Putins Wortwahl nach den Terroranschlägen von
Wolgograd mit zahlreichen Toten und Verletzten lässt tief blicken.
„Vollständige Vernichtung“ und „Ausradierung“ kündigte er den
mutmaßlich tschetschenischen Hintermännern der verbrecherischen
Anschläge an. Deutlicher und direkter hätte der „Zar“ Russlands nicht
sagen können, wie sehr er verletzt und verunsichert ist. Wladimir
Putin ist es gewohnt, alles im Griff zu haben. Das gilt für Minister
und Parlament ebenso wie für Medien und Volk. Wer es wagt, sich ihm
in den Weg zu stellen, landet in einem der berüchtigten Arbeitslager.
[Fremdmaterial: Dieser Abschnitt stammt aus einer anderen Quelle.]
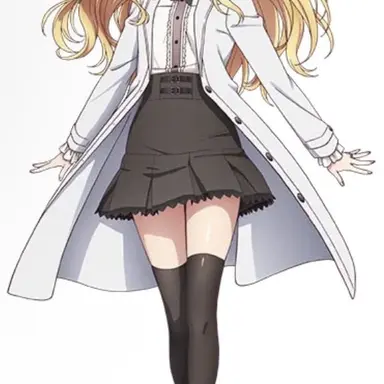 Profile image of ユエ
Und wenn dem Herrscher nach Amnestie ist, lässt er einige Tausend
Gefangene wieder frei. So geschehen kurz vor Weihnachten unter
anderem im Fall Michail Chodorkowski und Pussy-Riot.
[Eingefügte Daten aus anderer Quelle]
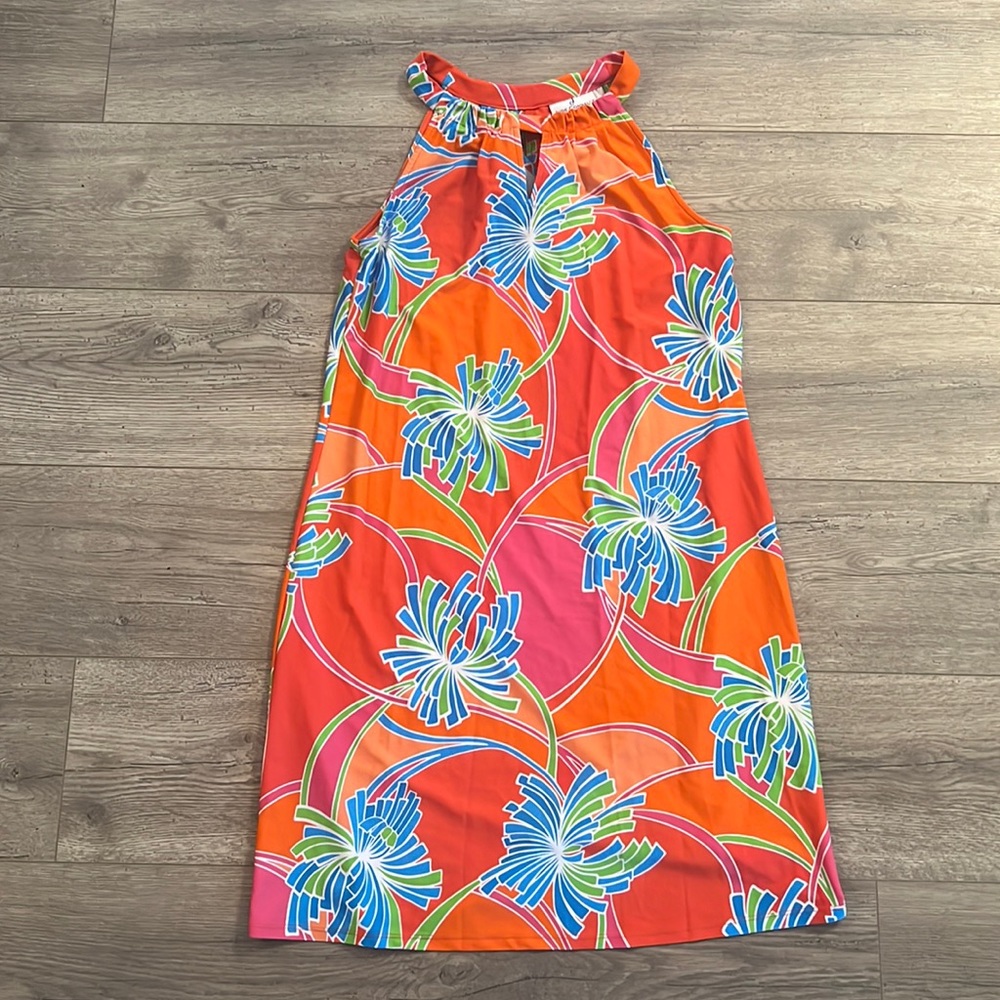 Jude connally dress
So viel Entgegenkommen dürfen die tschetschenischen Rebellen nicht
erwarten, aus deren Reihen die Selbstmordattentäter gekommen sein
sollen. Ihnen wird Putin mit der ganzen hilflosen Härte begegnen, mit
denen die Mächtigen vielerorts auf der Welt islamistisch gesteuerten
Terrorismus bekämpfen – ohne durchschlagenden Erfolg.
Dass die USA Russland im Hinblick auf die Olympischen Winterspiele
im Februar in Sotschi Hilfe anbieten, ist nach den Anschlägen ein
weiterer Stachel im Fleische des russischen Präsidenten. Gerade erst
hat Putin die Vereinigten Staaten mit dem Asyl für den ehemaligen
NSA-Mitarbeiter Edward Snowden düpiert, da sticheln die USA im
Gegenzug, dass Russland womöglich nicht in der Lage sein könnte, die
Sportler aus aller Welt vor Anschlägen zu schützen. Sotschi ist
schließlich nur knapp 500 Kilometer von tschetscheniens Hauptstadt
Grosny entfernt, und die Terroristen sind mobil genug, auch den
Wintersportort zu erreichen.
Die Anschläge von Wolgograd setzen Wladimir Putin schwer unter
Druck. Er muss unter den Augen der Öffentlichkeit beweisen, dass sein
Land sicher ist, dass es in der Lage ist, die Drahtzieher des Terrors
dingfest zu machen, ehe die olympische Flamme in Sotschi ankommt.
Putin weiß das, und er scheint Angst zu haben. Russlands starker Mann
pfeift im Wald. Sein Lied heißt „Vollständige Vernichtung“ und
„Ausradierung“. Es handelt von Schwäche.